After 40, we definitely notice some changes as our hormone levels fluctuate and begin to decline. Hair thinning, brittle nails and sore joints just to name a few!

Well, say to hello collagen supplementation! It is like our beauty BFF, and the evidence is stacking up like a perfectly curated skincare routine.

The hype around it is has been happening for years now and I have been closely watching the emerging research and it is looking very positive!

Collagen helps keep our skin plump, hair glossy, nails on point, and joints doing their happy dance.

It can be added to our daily diet through collagen peptides in powder form so let’s take a look at this today in the Snack Bar.

But before we dive in ...

🦴 What about Bone Broth? Doesn't it contain collagen?

Yes it does! Similar to "stock", bone broth is made by slow-simmering the bones of grass-fed animals to extract the collagen, protein and amino acids.

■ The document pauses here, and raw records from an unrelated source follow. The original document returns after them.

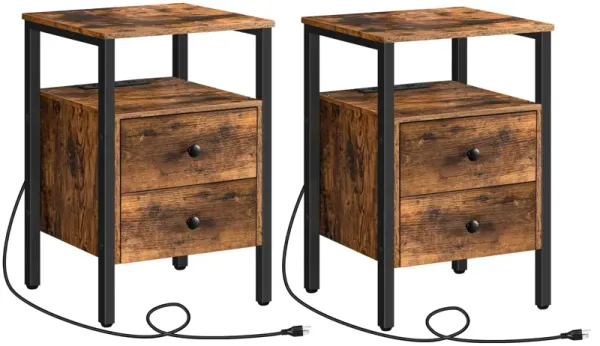 HOOBRO End Table with Charging Station and USB Ports, Side Table with Drawers and Storage Shelf, Set of 2, Bedside Table for Sma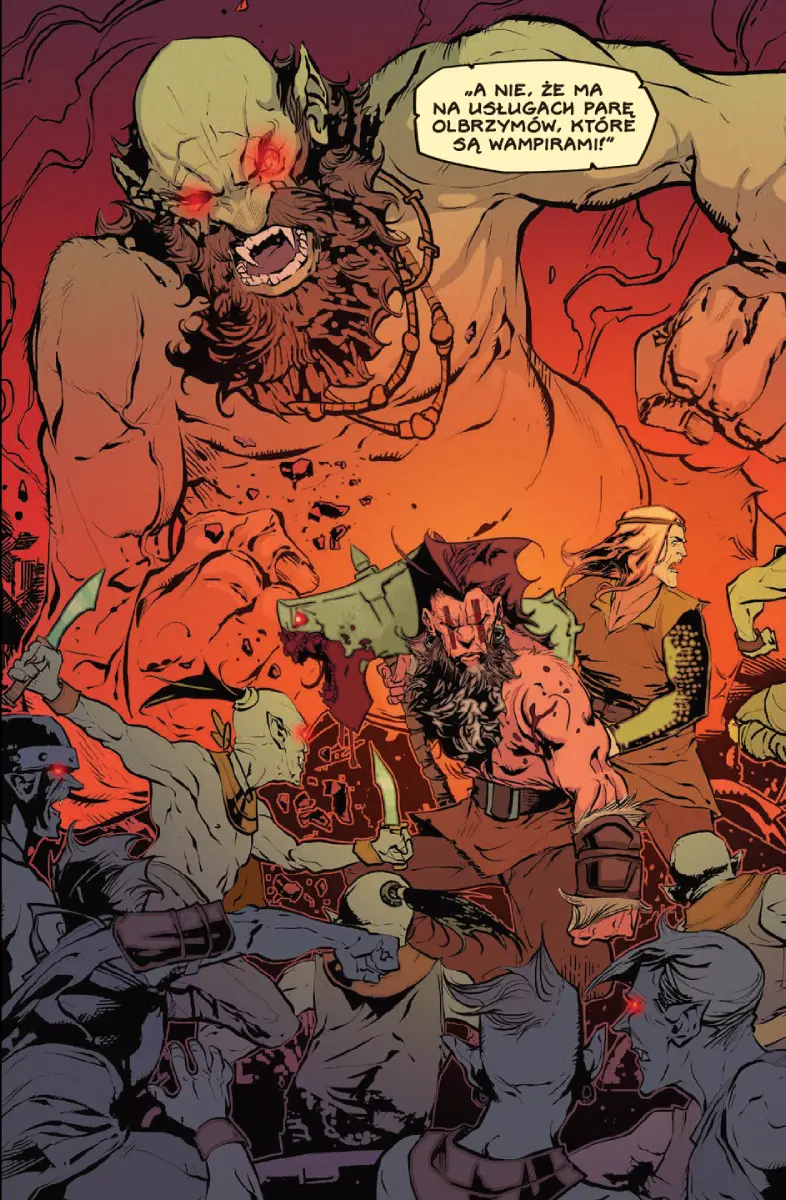 Przykładowa strona z komiksu Barbaric. Księga 2: Na pieńku / Będzie piekło. Michael Moreci, Nicholas Eames, Nathan Gooden. Wydawnictwo Lost In Time.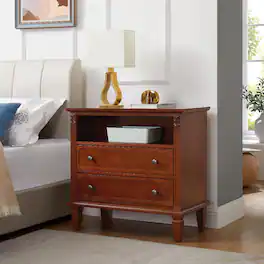Loheer - Nightstand With Charging Station, Two Drawer Bedside Table With Open Shelf - Walnut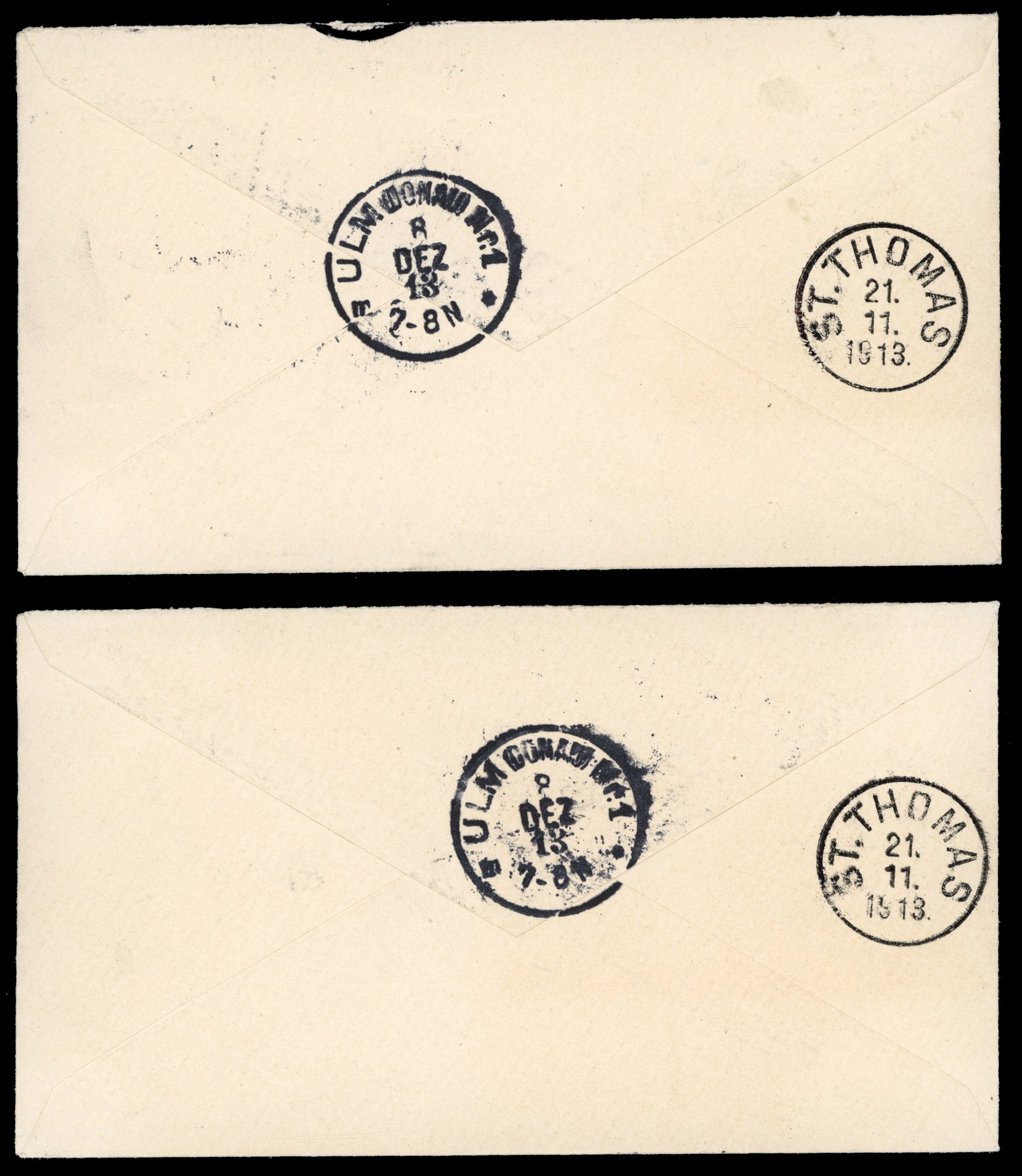 British Virgin Islands SG 69, 71/73 1913 registered cover from Road Town to Germany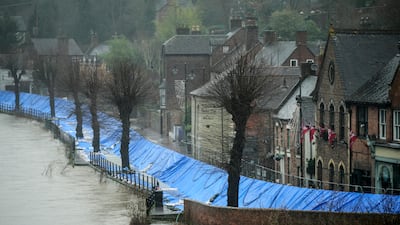 Flood defences are deployed to protect businesses and homes in Ironbridge. Getty Images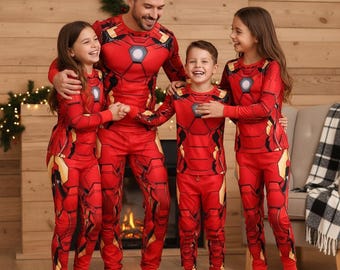 Pijamas familiares navideñas de superhéroes, conjunto de pijama de héroe, conjunto de pijama de manga larga a juego, regalo de Navidad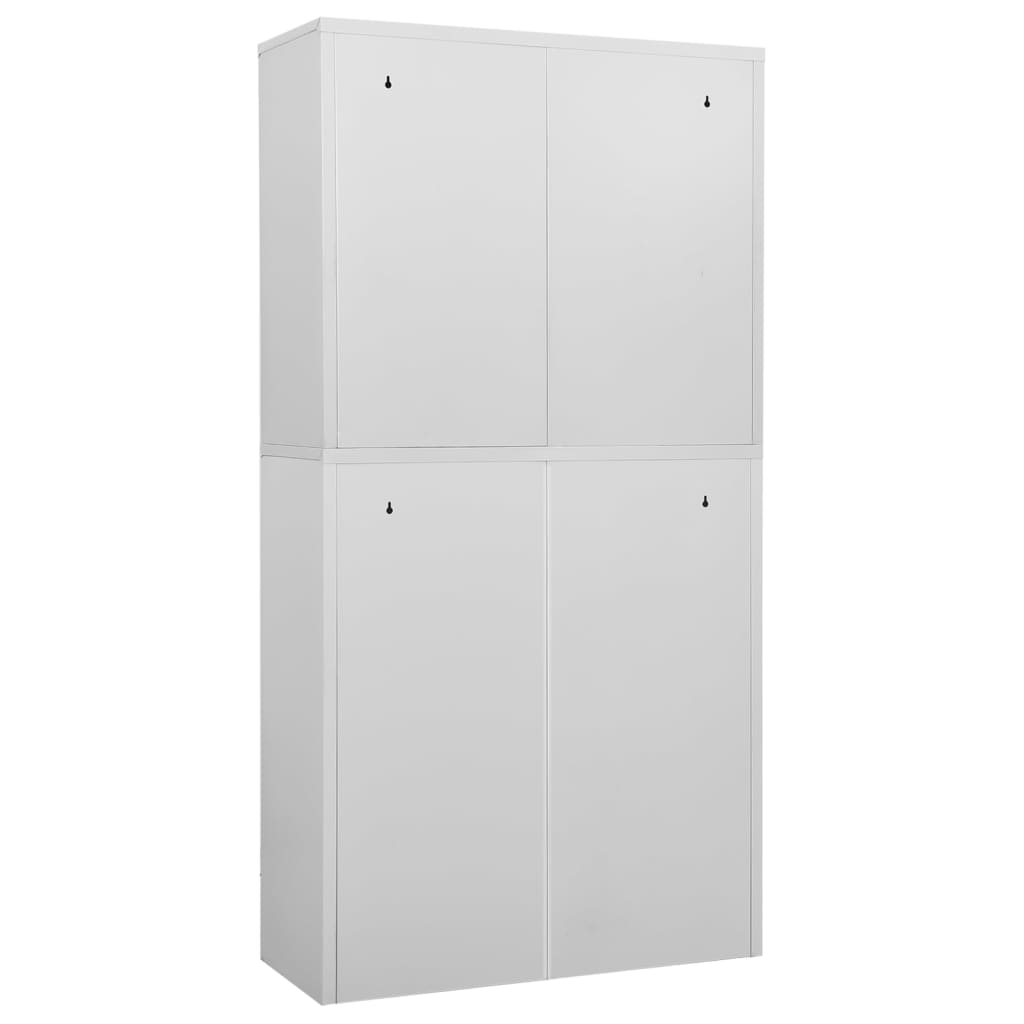 vidaXL Büroschrank Hellgrau 90x40x180 cm Stahl und Gehärtetes Glas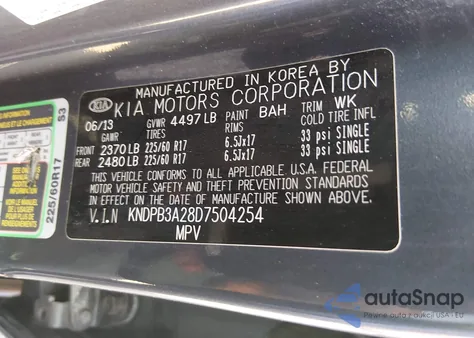 2013 Kia Sportage Lx z USA, uszkodzony, nr VIN KNDPB3A28D7504254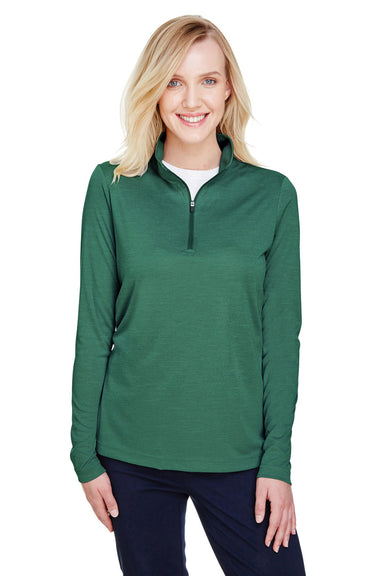 Team 365 TT31HW Womens Zone Sonic Performance Moisture Wicking 1/4 Zip Sweatshirt Heather Forest Green Model Front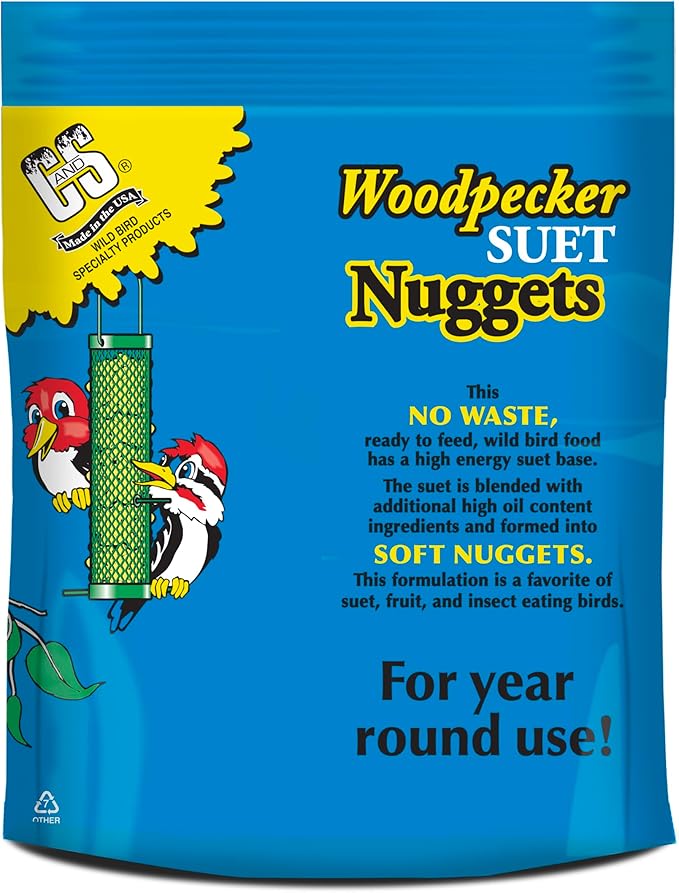 C&S Woodpecker Suet Nuggets, Outdoor Wild Bird Food for Woodpeckers, Flickers and More, 27 Ounces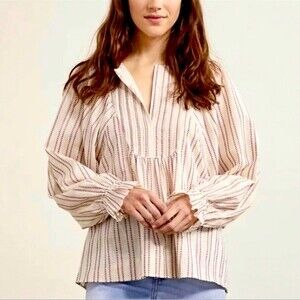 Elizabeth and James XS embroidered Shirt Top boho blouse oversized cream Peasant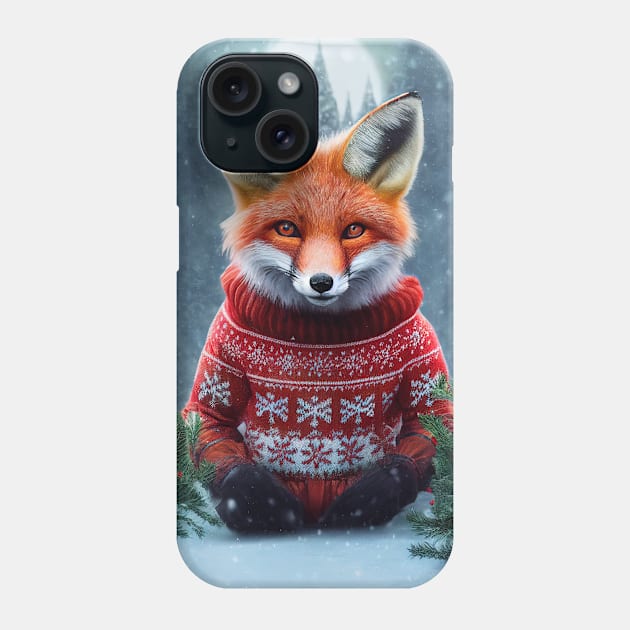 Cute Christmas Fox Phone Case by Art8085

Simmering animal bones for over 12 hours helps extract collagen—providing specific amino acids like arginine, glutamate, hydroxylysine, hydroxyproline, proline and glycine—from the bones.

The final broth is also rich vitamins, and minerals.

It is definitely a powerful super food!

📝 Bone Broth: The Facts?

✅ It is a rich source of amino acids including glutamate and glycine and minerals including calcium and magnesium.

✅ It can help protect joints and reduce osteoarthritis.

✅ It may help reduce gut inflammation as a result of the amino acid glutamine. This helps heal the lining of the digestive tract and assist with overall gut and immune system function.

During perimenopause and menopause our protective gut mucosa lining thins and keeping this healthy is a priority, through a diverse diet rich in fibre and superfoods like bone broth.

✅ While bone broth is a rich and nutritious addition to our diet, the amount of collagen/ amino acids vary from product to product.

It is a very healthy addition to our diet. Check out todays sponsor.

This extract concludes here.